- Company Name
- Avenue Code
- Job Title
- Machine Learning Engineer
- Job Description
-
Job Title: Machine Learning Engineer
Role Summary:
Design, build, and maintain end‑to‑end MLOps pipelines, develop FastAPI inference microservices, and lead deployment strategies on Azure Kubernetes Service (AKS) using GitOps. Own the full ML lifecycle from data preparation to model monitoring and automated retraining, ensuring high quality, reproducible, and secure model delivery.
Expectations:
- Deliver production-ready ML services with low latency and high scalability.
- Uphold best practices in code quality, governance, and observability.
- Drive continuous improvement of the MLOps platform and deployment workflows.
- Collaborate cross‑functionally with data scientists, software engineers, platform, and SRE teams.
Key Responsibilities:
- Build and maintain MLOps pipelines for data prep, training, validation, packaging, and deployment.
- Develop FastAPI microservices with clear API contracts, versioning, and documentation.

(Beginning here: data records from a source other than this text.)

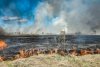 На 14 территориях Приамурья отменяется особый противопожарный режим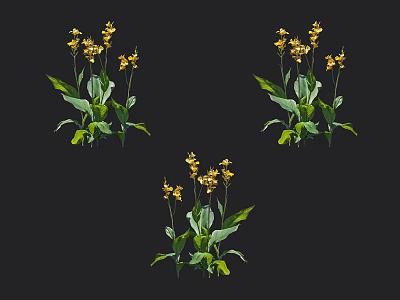 Beautiful Yellow Flowers With Lush Green Leaves And Fresh Blooms In Group 3d model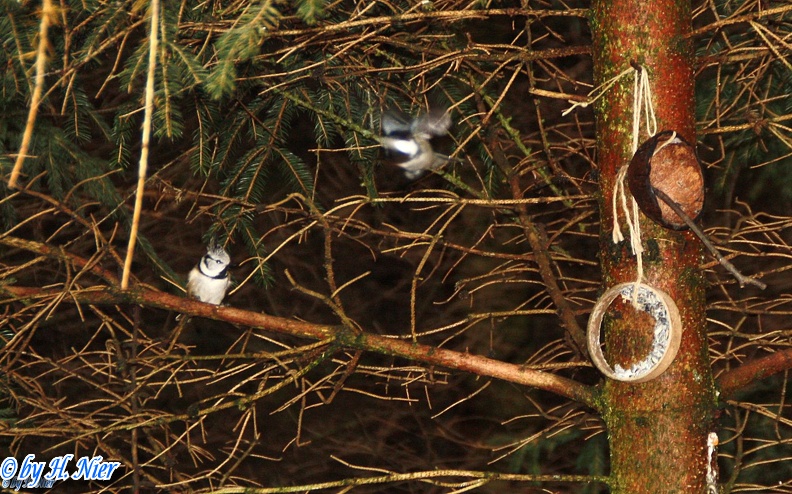 Lophophanes cristatus -  6. Fund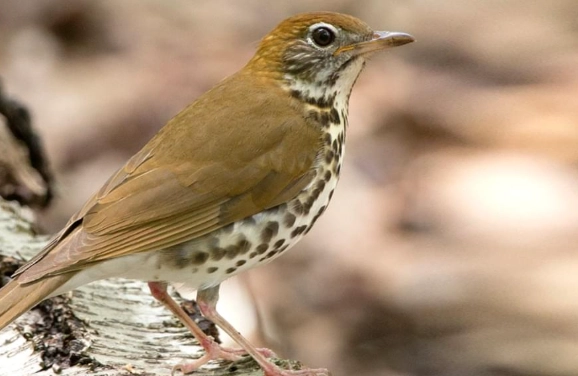 thrush bird identification guide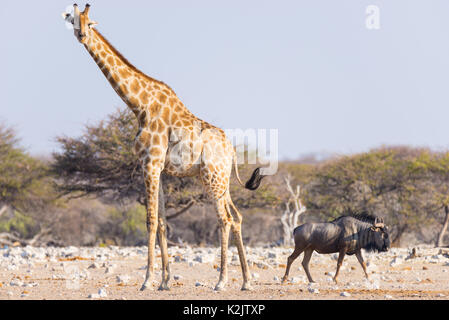 Giraffen und Gnus wandern in den Busch. Wildlife Safari im Etosha National Park, berühmt Reiseziel in Namibia, Afrika. Stockfoto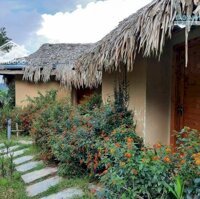 Sapa - Bán Homestay 1300M2 Chỉ 12 Tỷ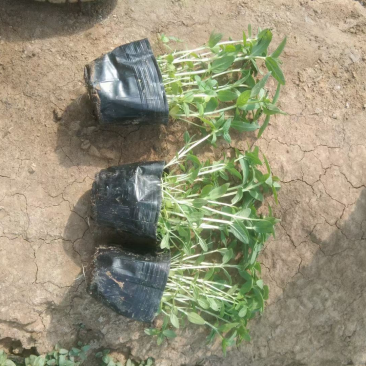 千屈菜杯苗基地直供全国发货诚信经营规格齐全
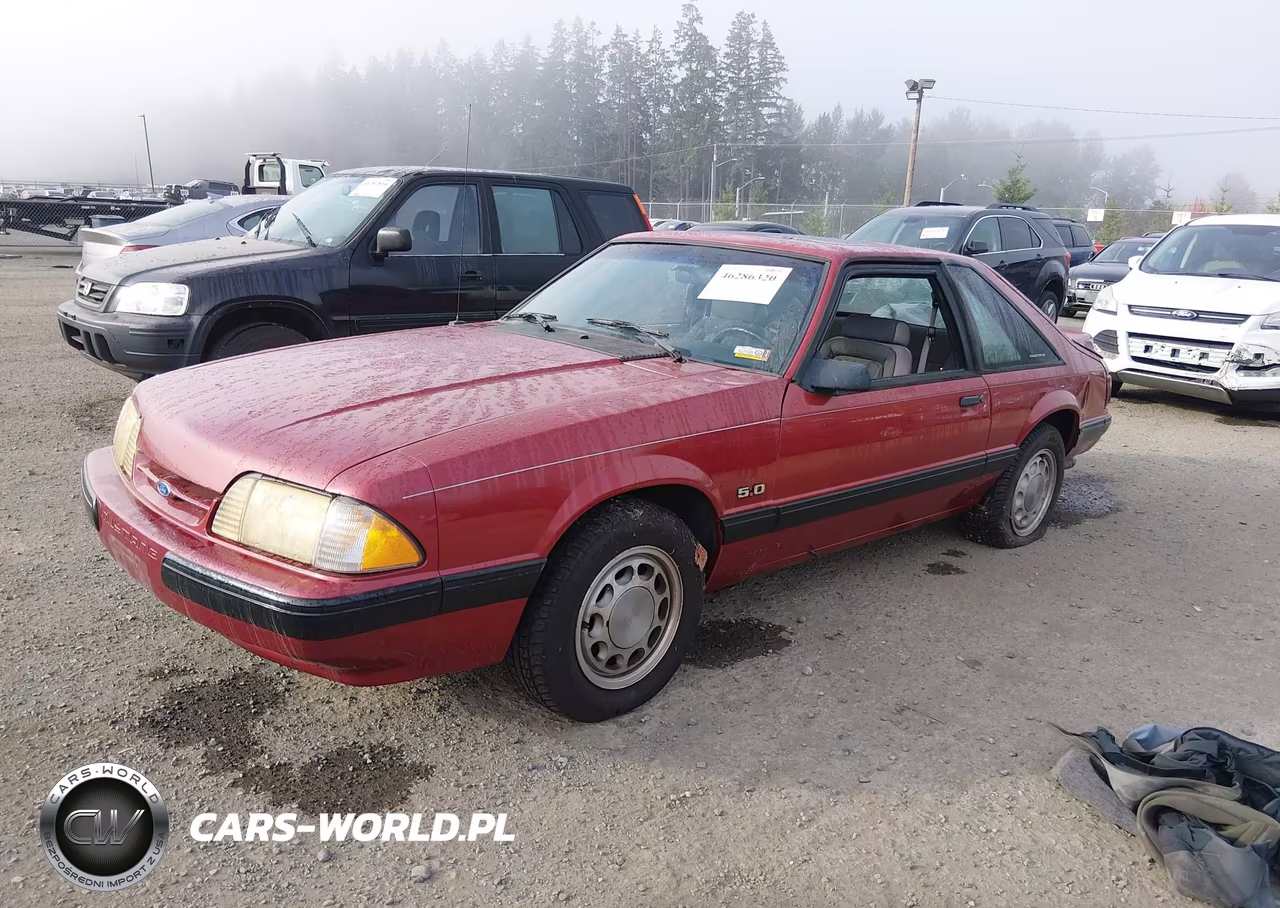 1990 Ford Mustang Lx VIN:1FACP41E1LF145243 - 2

- Implement deployment strategies on AKS (blue/green, canary, shadow, champion/challenger) using GitOps with Argo CD.
- Architect a self‑serve MLOps platform (standards, templates, CLI/scaffolds).
- Operationalize scikit‑learn, PyTorch, XGBoost models for low‑latency, scalable serving.
- Build CI/CD for ML: automated testing, security scans, build, package, promote.
- Integrate telemetry, observability, and set SLOs for model services.
- Monitor model/data drift; automate retraining, evaluation, safe rollout/rollback.
- Partner with software engineers to embed ML services in client applications and shared platforms.
- Champion code quality, reproducibility, governance, model registry, artifact approval.
Required Skills:
- Advanced Python programming, FastAPI design, RESTful API best practices.
- Proven MLOps experience: packaging, serving, scaling models as APIs.
- CI/CD expertise (GitHub Enterprise or equivalent), automated testing, release pipelines.
- Containerization & orchestration (Docker, Kubernetes), AKS production deployments.
- GitOps with Argo CD; deployment strategies (blue/green, canary, rollback).
- Understanding of model registry, artifacts, approvals, reproducibility.
- Cross‑functional collaboration with data science, software, platform/SRE.
Required Education & Certifications:
- Bachelor’s degree in Computer Science, Software Engineering, Data Science or related field.
- 2+ years relevant experience in MLOps/ML engineering.
- Certifications such as Azure AI Engineer Associate or equivalent in cloud/MLOps are preferred but not mandatory.